Question 2 True / False
The weakest precondition is 'weakest' in the sense that any other valid precondition for the same command and postcondition must logically imply it.
TTrue
FFalse
Answer: True
If {P} C {Q} holds for some P, then P implies wp(C, Q). The weakest precondition is the most general — it accepts exactly the set of initial states from which C is guaranteed to establish Q. Any stronger precondition accepts a subset of those states. This is why wp is unique (up to logical equivalence): it is the weakest element in the lattice of valid preconditions.
Question 3 Short Answer
How does the weakest precondition calculus handle sequential composition?

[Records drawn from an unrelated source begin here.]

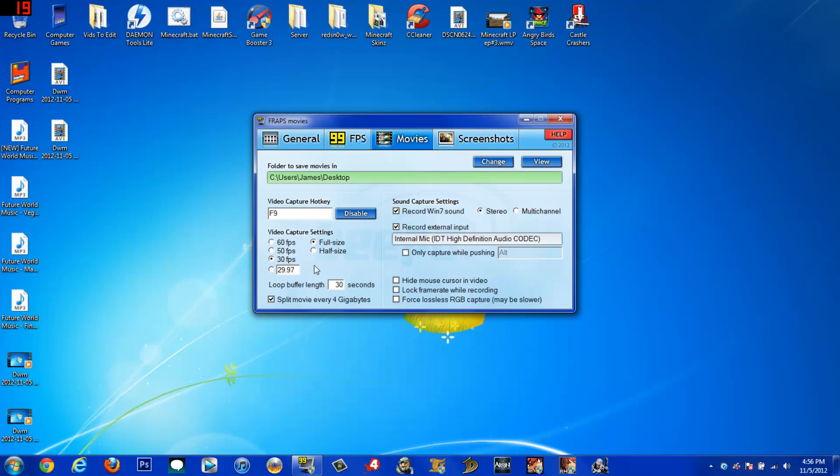When I'm doing my Let's Play Minecraft videos on my gaming channel, I keep it on full size and I keep this on 30 frames per second. Now, I've heard some people say that the human eye cannot see more than 60 FPS. I call bull crap on that. I can definitely tell the difference between 30 FPS and 60 FPS, most definitely.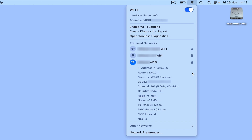The next value listed is Noise, which is a measurement of the amount of background noise or interference that our wireless signal is receiving from within our environment. Noise is measured using a negative range, so the closer a value is to zero the higher the level of background noise, making noise an important value to monitor as it will affect the speed and performance of our wireless connection.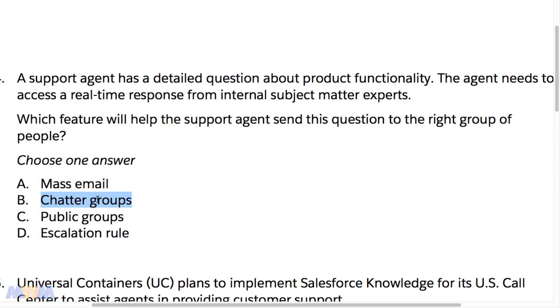So the correct answer is B — Chatter Groups. Aren't you glad you sat through the previous lecture so you could answer this correctly? In the next lecture, we're going to look at interaction channels and UI design considerations.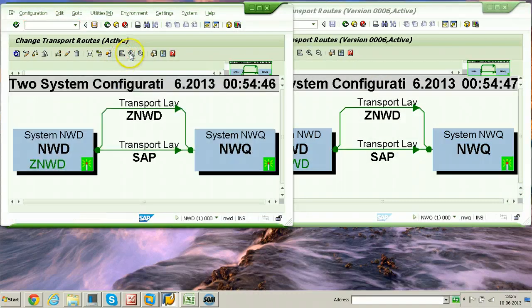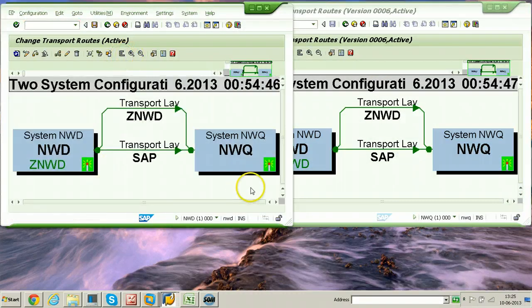In this way you configure TMS between two different SAP systems. I hope you understood well — thanks for watching.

Given wp(C2, Q) = R, what is wp(C1; C2, Q)?
Think about your answer, then reveal below.
Model answer: wp(C1; C2, Q) = wp(C1, wp(C2, Q)) = wp(C1, R). You compute the weakest precondition from right to left: first determine what must hold before C2 to get Q, then determine what must hold before C1 to get that intermediate condition.
This right-to-left composition mirrors the backward nature of the entire calculus. For a sequence of n statements, you start with the final postcondition and propagate backward through each statement, producing a chain of intermediate assertions. This mechanical process is what makes wp amenable to automation in verification tools.
Question 4 Short Answer
Why does computing the weakest precondition for a while loop require a loop invariant, breaking the otherwise mechanical nature of the calculus?
Think about your answer, then reveal below.
Model answer: A while loop executes its body an unknown number of times, so there is no fixed formula for unwinding it. The weakest precondition of a loop requires finding an invariant I such that: I implies the postcondition when the loop exits, and I is preserved by each iteration. Finding this invariant is undecidable in general, which is why wp for loops cannot be fully automated without additional human input or heuristic search.
This is the fundamental limitation of mechanical verification. For straight-line code, wp is entirely algorithmic. But loops introduce unbounded computation, and Rice's theorem tells us that non-trivial semantic properties of programs are undecidable. The invariant is the human insight that tames this undecidability — once provided, the rest of the proof proceeds mechanically.